A trial for oil giants Eni and Shell over bribery and corruption allegations in the purchase of an offshore oilfield in Nigeria was delayed for two months on Monday.
The trial had been set to start in a Milan court, but the judge said that, due to a high number of cases, it would be transferred to another chamber to avoid further delays.

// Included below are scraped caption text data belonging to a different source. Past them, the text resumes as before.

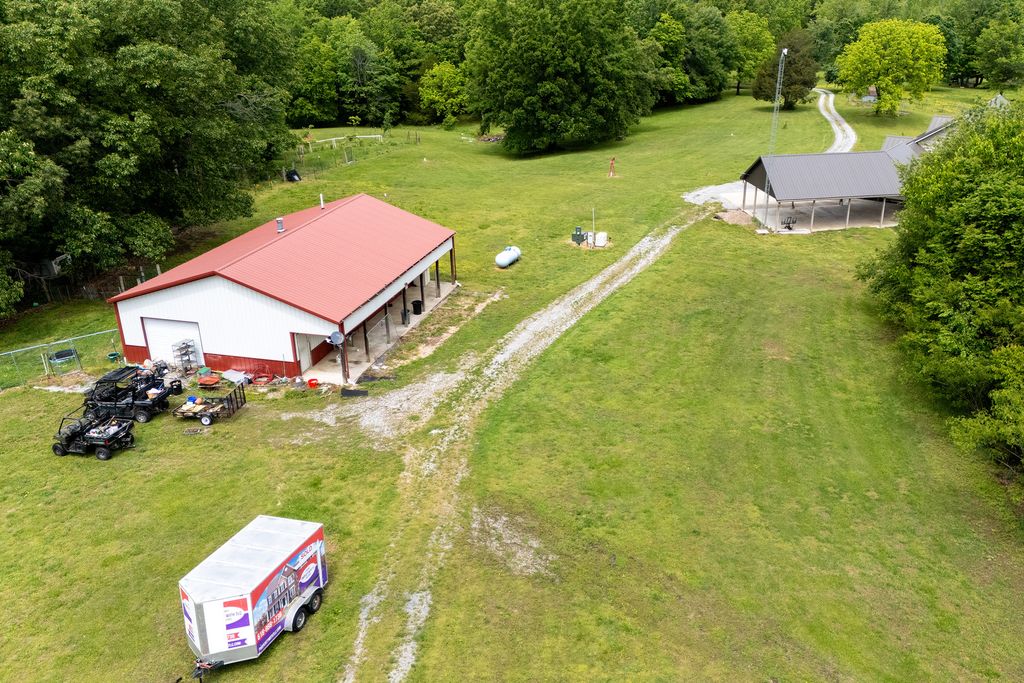Image 40 of property listing at 3351 N McGeesville Road, Carbondale, IL 62902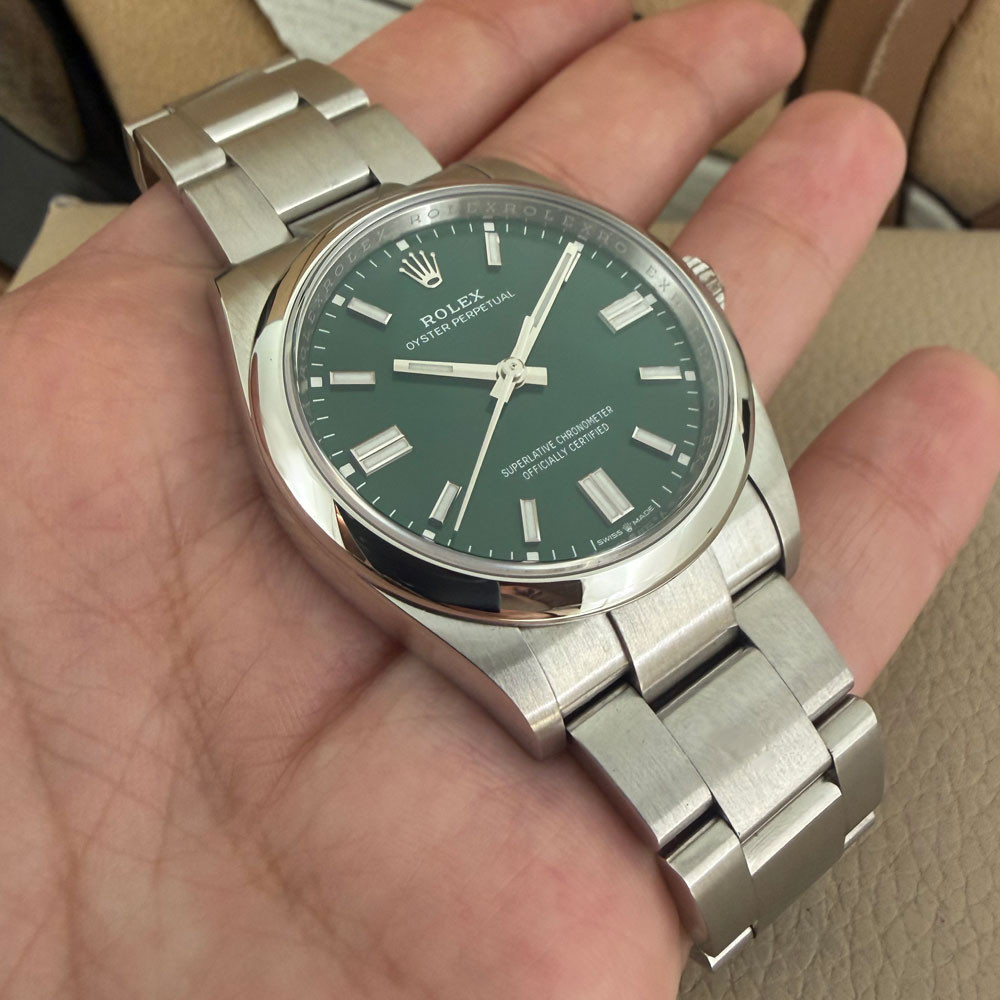 Rolex Oyster Perpetual 36mm Green 126000 10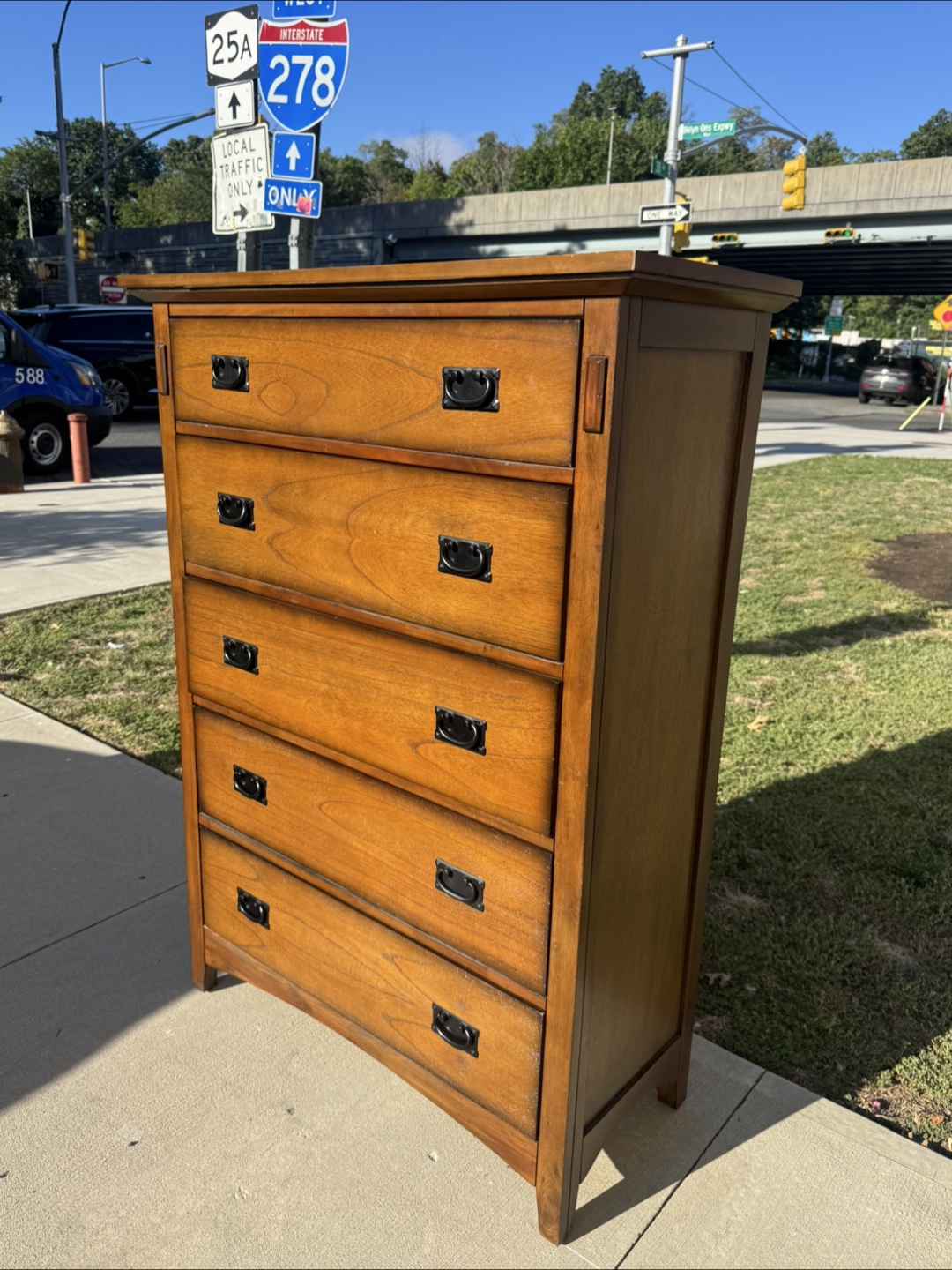 Free delivery Wooden 5-Drawer Dresser - photo 2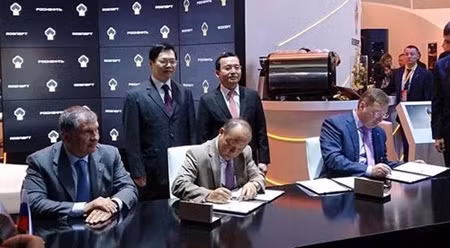 越南工贸部长武辉煌和Rosneft公司总裁伊戈尔·谢钦见证签署仪式。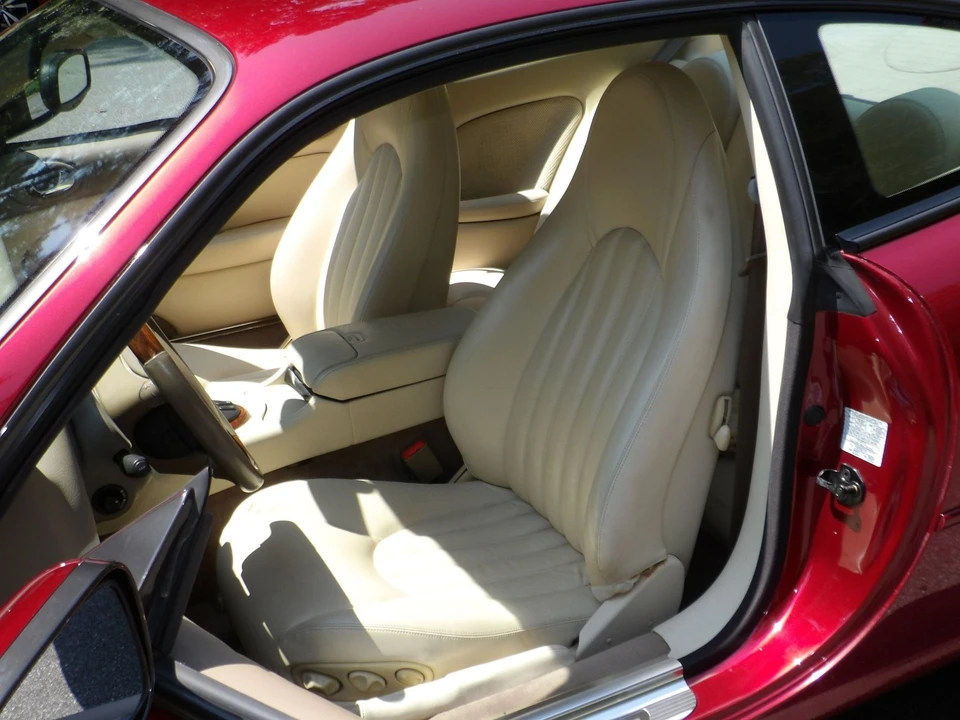 1997 Jaguar X100 XK8 - Image 5 of 24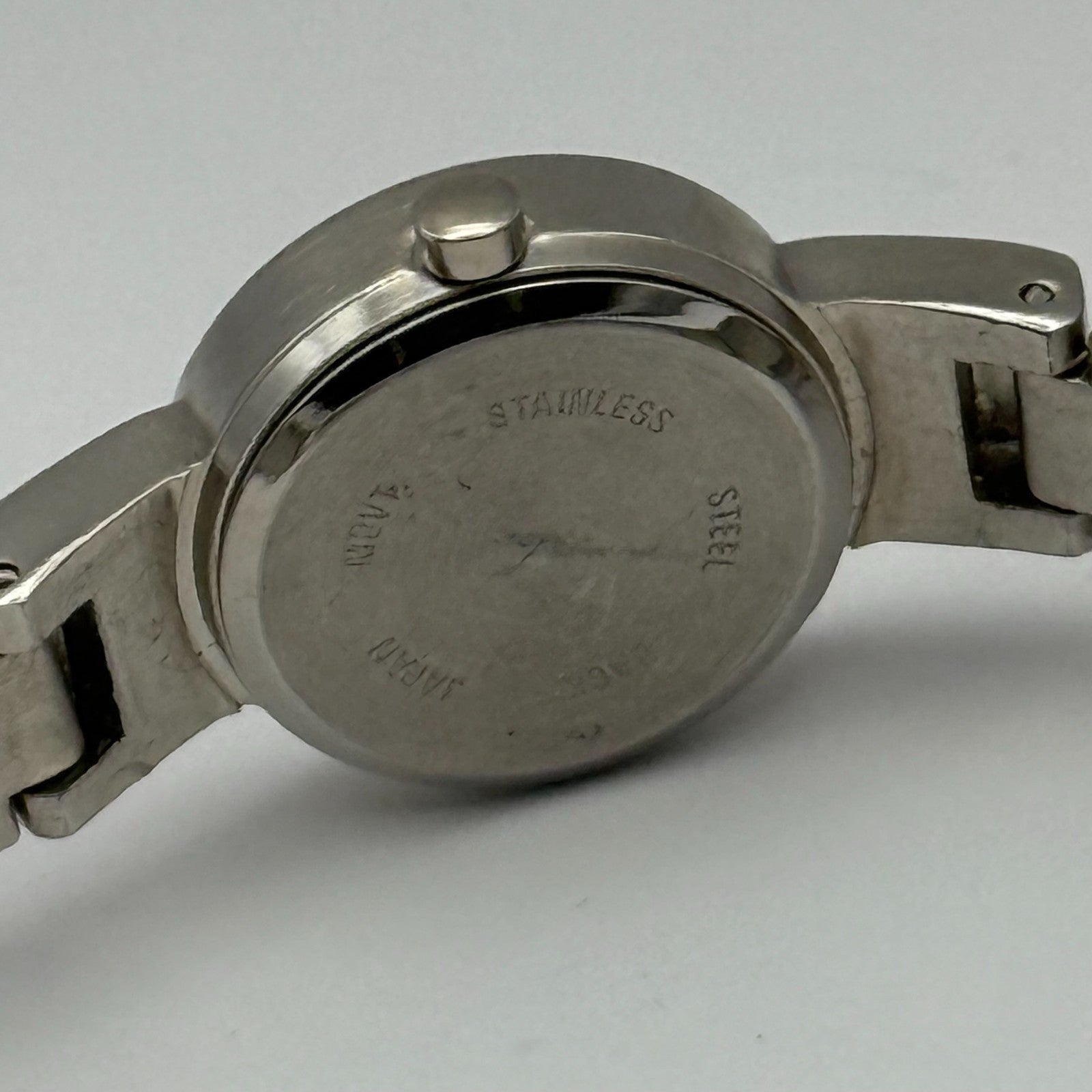 H H Ladies Quartz Watch Silver Tone Bracelet Steel Working 22mm 7 Inches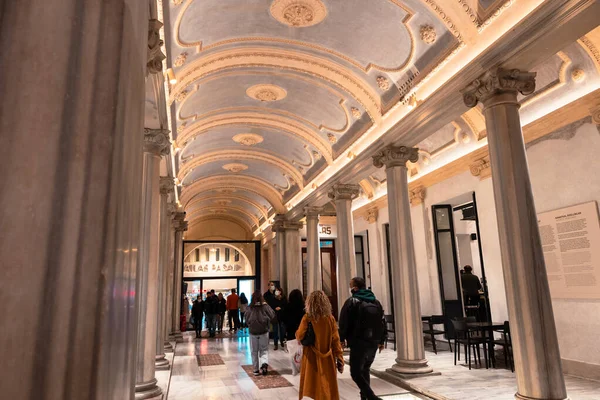 People Atlas Pasaji Istiklal Avenue Tourists Istanbul Istanbul Turkey 2021 — стокове фото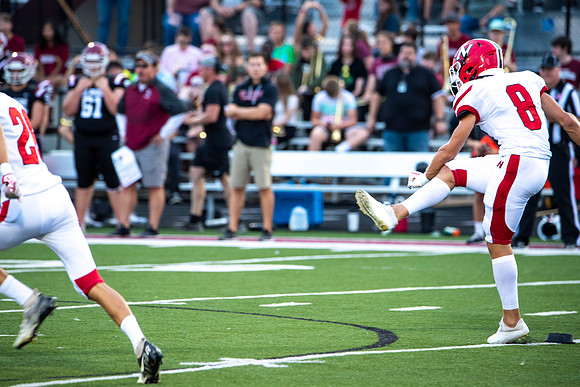 Neenah v DePere_0323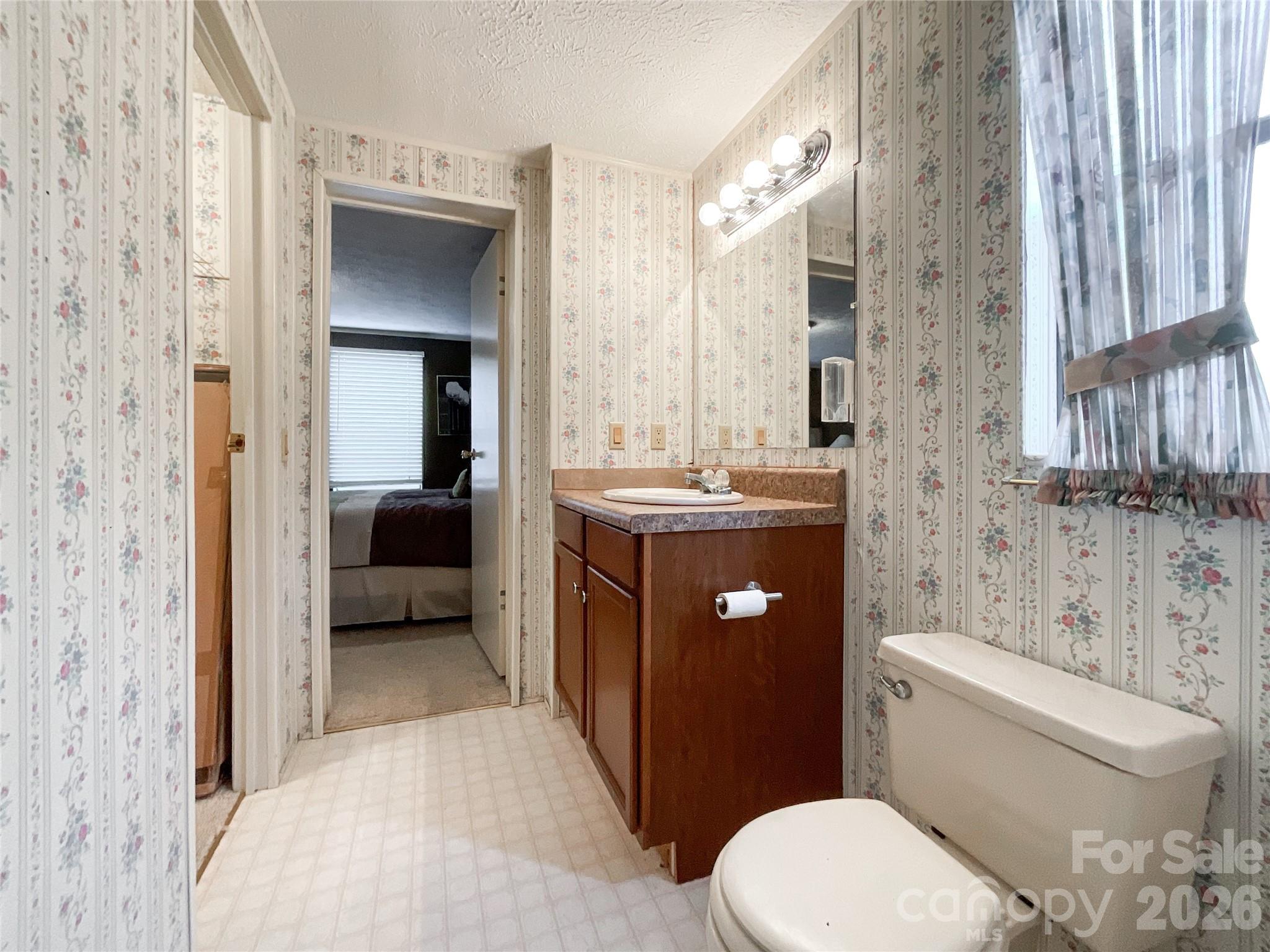 2329 Dolan Lane — Liberty Hill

The trial is now set to begin on May 14, according to AFP.
Eni chief executive Claudio Descalzi, his predecessor Paolo Scaroni and several managers from Eni and Shell are among those on trial, as is ex-Nigerian oil minister, Dan Etete.
Eni — also charged with corruption in Algeria in a separate trial — and Shell stand accused of handing out bribes during the 2011 purchase of OPL245, an offshore oil block estimated to hold nine billion barrels of crude, for $1.3 billion (1.06 billion euros).
Both companies deny the charges against them.
“Eni expresses its full confidence in the judicial process and that the trial will ascertain and confirm the correctness and integrity of its conduct,” the Italian firm said in a statement.
“Eni and Shell closed the deal with the government without the involvement of an intermediary. The money… was deposited into an account owned by the Nigerian government,” said Eni, which has regularly reaffirmed its trust in Descalzi.
– Major litigation –
Descalzi made it clear last year that Shell and Eni had not been “involved in the government’s decision on how to use the money”.
Shell also said it believed the judges would conclude there was no case against them, adding “there is no place for bribery or corruption in our company.”